You should aim for at least two coats of primer on cabinets. Although one coat is sometimes sufficient, two are even better as it ensures a more durable, more stain-resistant finish with fewer surface imperfections.
However, you might have heard a few people applying up to three primer coats on cabinets.
Read on to understand why primer paint is necessary in the first place and how many coats of primer on wood is ideal before painting. Keep in mind that more primer coats isn’t necessarily better; using too much will only result in additional costs and wasted time.
Primer, or paint primer, is a type of white paint used on furniture and other surfaces to make the surface more adhesive to paint. Think of it as a base coat that creates the foundation for a flawless paint job.
For one, not all cabinets are easy to paint. Paint doesn’t readily stick to them. So, without something to help the paint stick, you may struggle to paint the cabinet.
Additionally, even if the paint sticks, you should always think about how long it can last as no one enjoys repainting the same piece of furniture every few weeks. Paint primer helps in these two areas and more.
- It covers imperfections such as cracks on the wood and splintered sections.
- It conceals stains, effectively preventing future bleeding that may destroy your paint.
- It prevents wood from absorbing excessive amounts of paint during and after the paint job.
- It neutralizes the colors of the wood, allowing the final paint color to shine through. This can be vital in projects such as constructing two tone cabinets.
Every time before you paint your woodworks! We strongly urge woodworkers to resist the urge to overlook paint primer. It might seem the perfect shortcut to cut costs, but it isn’t.
Painting without first applying primer often means that you need more coats of paint to provide a smooth, quality finish. More paint coats mean increased costs. Additionally, you may be left with an uneven finish that may compromise the quality of the finish and impact overall space cohesion.
For the above reasons, you should use paint primer on every cabinet-making project.

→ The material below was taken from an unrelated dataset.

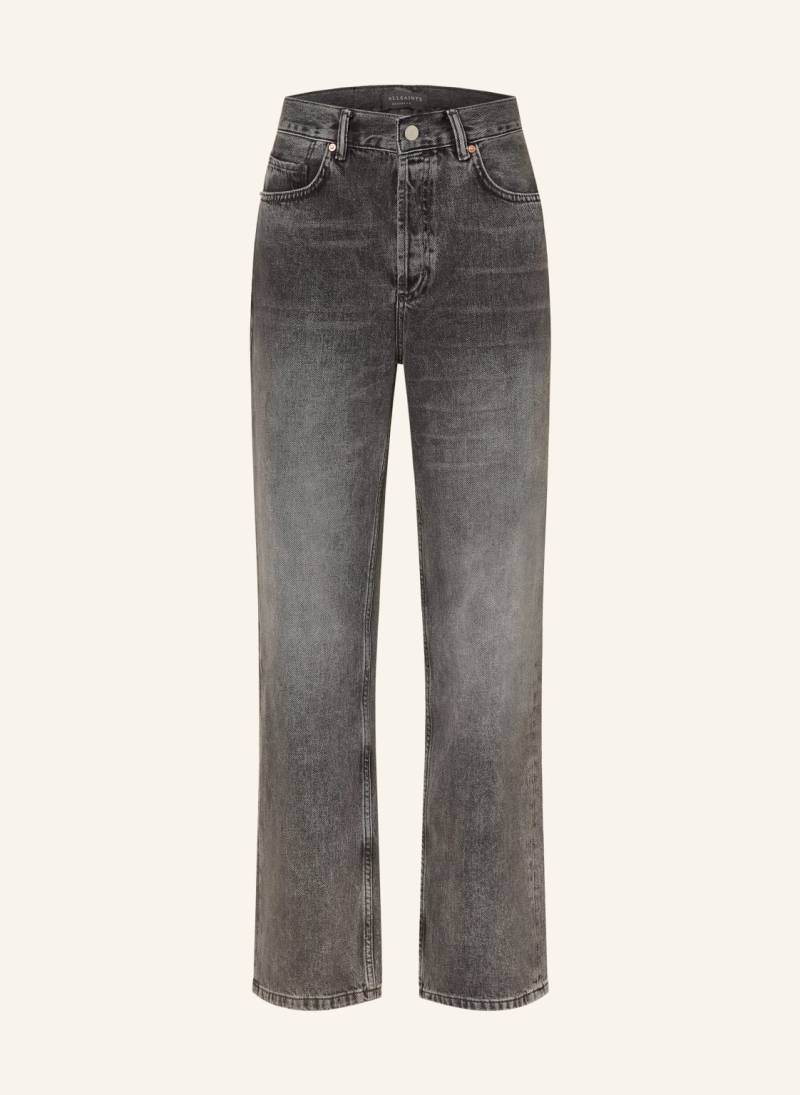 Allsaints Straight Jeans Brooklyn schwarz von AllSaints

We recommend using primer;
- When painting the cabinet for the first time
- When switching from a darker color to a lighter one like blue.
- Following significant cabinet repairs
Ideally, you need at least two coats of primer on cabinets and a coat of paint on top. However, this doesn’t necessarily apply to all projects. For instance, sometimes, one coat of primer might be sufficient. Yet, you may need at least three primer coats for the perfect finish in some applications.

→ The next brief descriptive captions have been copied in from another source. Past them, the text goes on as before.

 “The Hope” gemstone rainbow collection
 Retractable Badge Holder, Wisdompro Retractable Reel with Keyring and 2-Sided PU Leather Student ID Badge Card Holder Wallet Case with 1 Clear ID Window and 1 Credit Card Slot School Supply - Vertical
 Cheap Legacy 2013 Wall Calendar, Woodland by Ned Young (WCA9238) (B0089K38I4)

Below, we explain the best time to use just one primer coat, applications when you need two coats, and when it’s best to have at least three coats.
You should only ever use one coat of primer on your cabinets if you’re solely interested in increasing adhesiveness. So, before you apply the single coat of paint primer, make sure your cabinet meets the following two conditions;
- It should be in a light color: If you’re painting a dark-colored cabinet, you need more than one coat of primer.

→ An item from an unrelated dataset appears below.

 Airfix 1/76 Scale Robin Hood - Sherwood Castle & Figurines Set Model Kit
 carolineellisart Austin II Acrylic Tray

- It’s free of cracks and damage: You need more coats of primer if the cabinet is rough, cracked, or uneven unless you are planning to plant grass seeds in the holes.
Pro tip: Even if your cabinet meets the above conditions, you must consider the time to dry. A single coat of primer needs more time to dry, typically up to 24 hours, before applying paint. Otherwise, the paint may not stick properly.
Two coats of primer are the standard rate in the woodworking industry. Nevertheless, not all applications are good candidates for two primer coats. We often recommend two coats for cabinets that meet the following criteria;
- You’re dealing with a dark-toned cabinet: Applying two coats of primer allows you to switch more easily to lighter tones when working on a dark-toned cabinet, from black to espresso and brown.
- The cabinet isn’t entirely smooth: Cabinets with minor cracks or signs of unevenness can also benefit from two primer layers. The same applies to units with signs of damage or scarring. You need more primer to hide the defects.
Pro tip: The best way to apply two coats of primer is to space them one hour apart. Although the first one should be dry within 30 minutes, it’s best to wait an additional 30 minutes before applying the second coat for the best results.
Finally, you can also apply three or more coats of primer, depending on the cabinet’s condition. We recommend 3+ coats if;
- The cabinet is badly damaged: Sometimes, you may have a cabinet so badly damaged that you have wood splinters falling off it. Applying more primer coats can help conceal the damage.
- The original color is too conspicuous: Red, for instance, is an especially difficult color. It tends to remain visible even after several paint coats. Applying additional layers of primer can help fix the problem.
Pro Tip: Remember that more than three layers of primer can be bad for your cabinet. First, too much primer compromises paint adhesion, which can result in paint-peeling. Additionally, more primer coats can cause uneven drying on your cabinets if your kitchen is poorly ventilated. So, only add more coats if it’s absolutely necessary.
There you go. Now you know how many coats of primer you need for cabinets. Don’t hesitate to speak with an expert if you feel a little lost.